The deadline for withdrawing all U.S.-led coalition troops from Afghanistan may have to be "re-examined," Afghan President Ashraf Ghani tells
CBS News' "60 Minutes."
"If both parties — or, in this case, multiple partners — have done their best to achieve the objectives and progress is very real, then there should be willingness to re-examine a deadline," Ghani told reporter Lara Logan in an interview to be aired at 7 p.m., ET/PT on Sunday.
Asked by Logan whether President Barack Obama is aware of potentially altering the current withdrawal plan, which is now less than two years away, Ghani replies:
"President Obama knows me. We don't need to tell each other."
He adds that he is uncomfortable with the withdrawal mandate, telling Logan, "Deadlines concentrate the mind. But deadlines should not be dogmas."
Foreign military forces in Afghanistan are expected to leave by the end of 2016, after 13 years of war.

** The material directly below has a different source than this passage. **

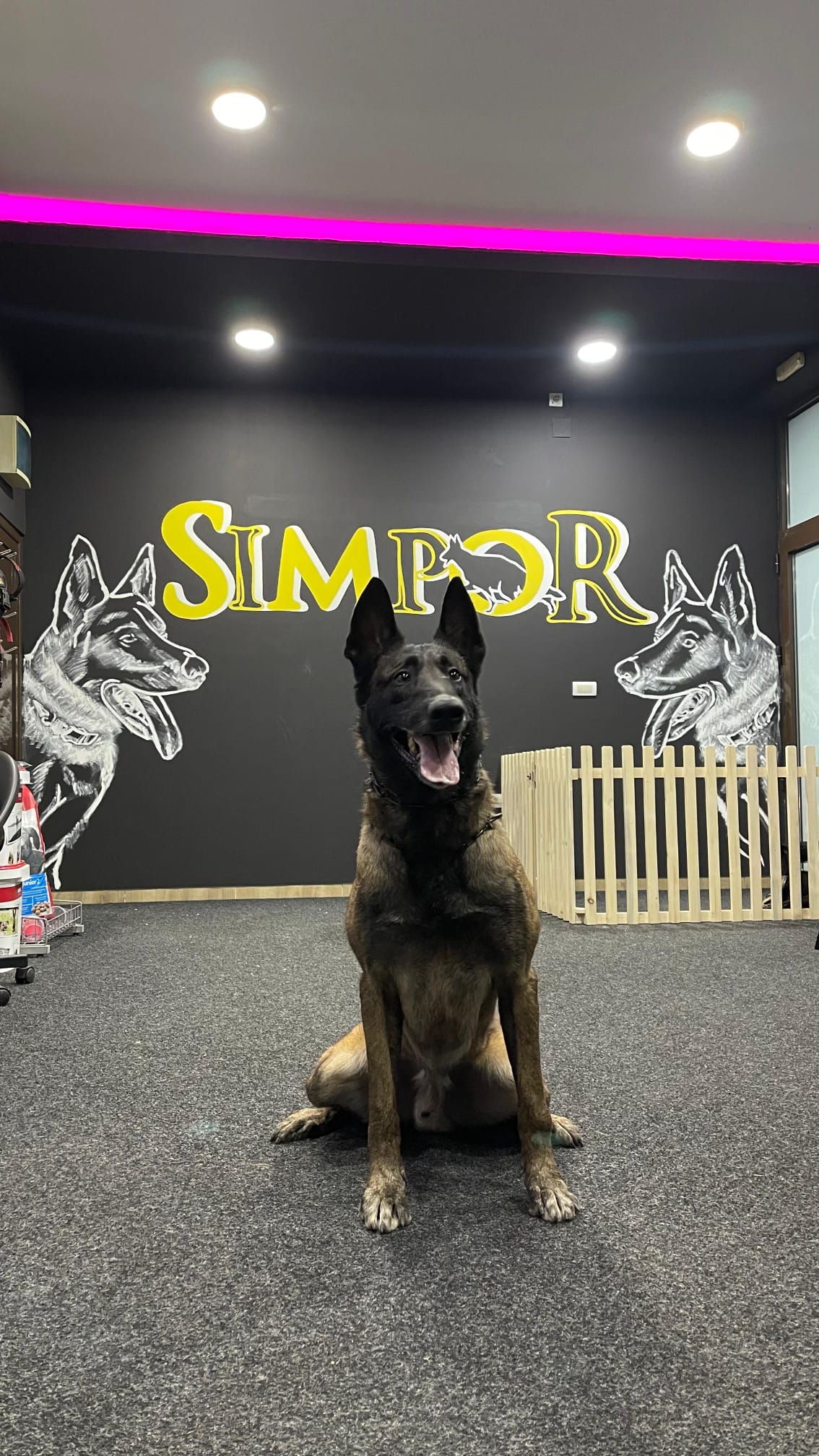 Simpor Dog Resort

CBS News says that at their peak, coalition forces numbered 140,000 troops, the majority of them U.S. soldiers.
But only 10,000 U.S. soldiers now remain — and they will leave next year as part of Obama's plan to withdraw from Afghanistan by December 2016.
The news program reports that 2014 was the war’s "bloodiest year," with more than 5,000 Afghans from the army and police forces killed.

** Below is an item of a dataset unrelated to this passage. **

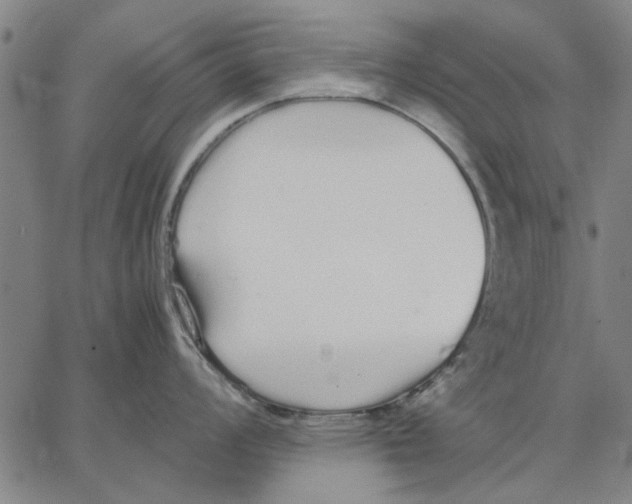 X0000066081008200604071727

Gen. John Campbell, commander of the coalition forces in Afghanistan, tells Logan that Afghanistan's military is strong enough to keep a terror group like ISIS from establishing itself.

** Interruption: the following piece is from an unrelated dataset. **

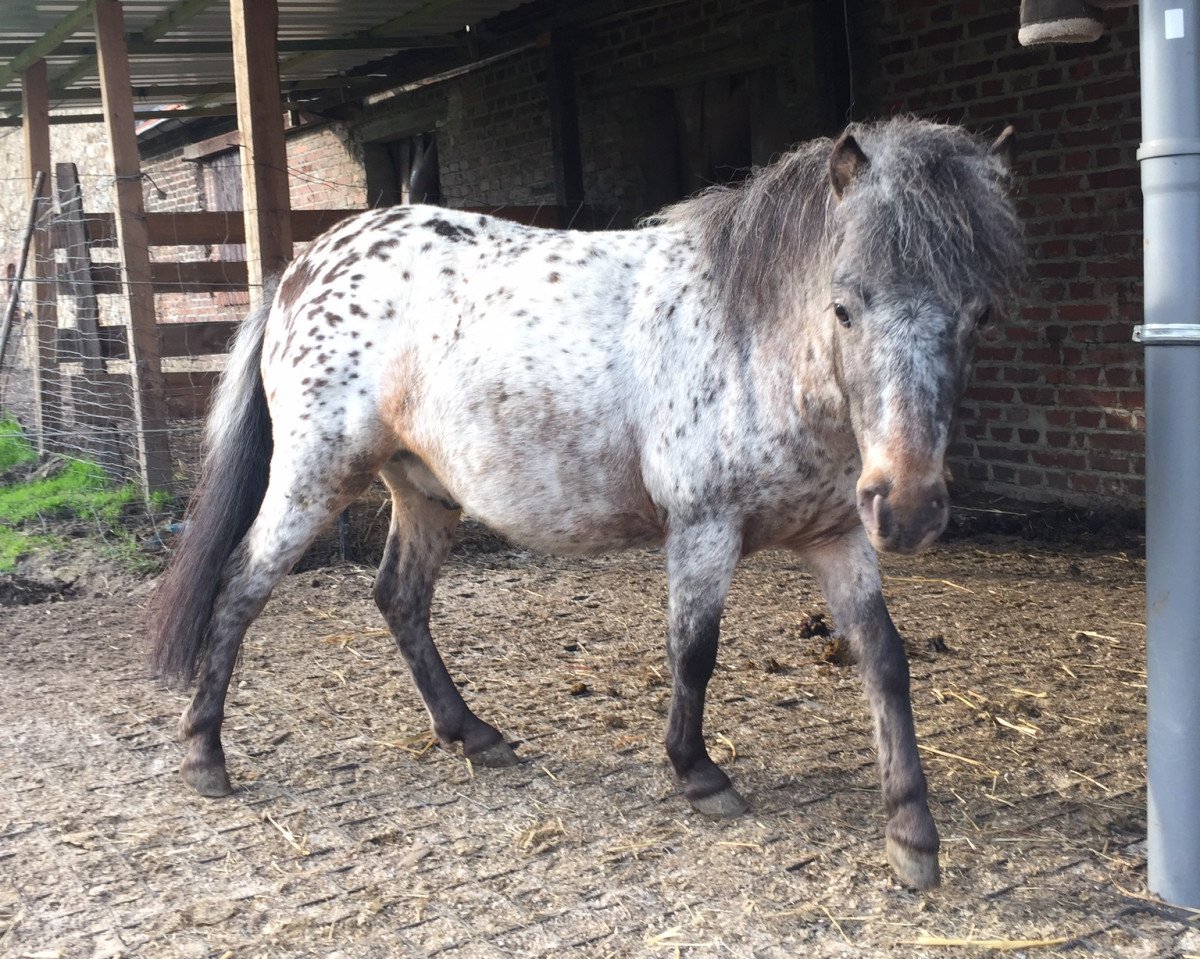 horse Bicardi v. Lanen (Dt.Part-bred Shetland pony,  , from Frisco)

But there are concerns that al-Qaida and the Taliban, entrenched in Afghanistan for years, could grow.
Campbell says that as long as Afghan troops stay strong, such groups will not pose a threat to the U.S. and more troops will not be needed.
"That's why it's so important that we do build upon the Afghan capacity to keep that pressure on," he tells "60 Minutes."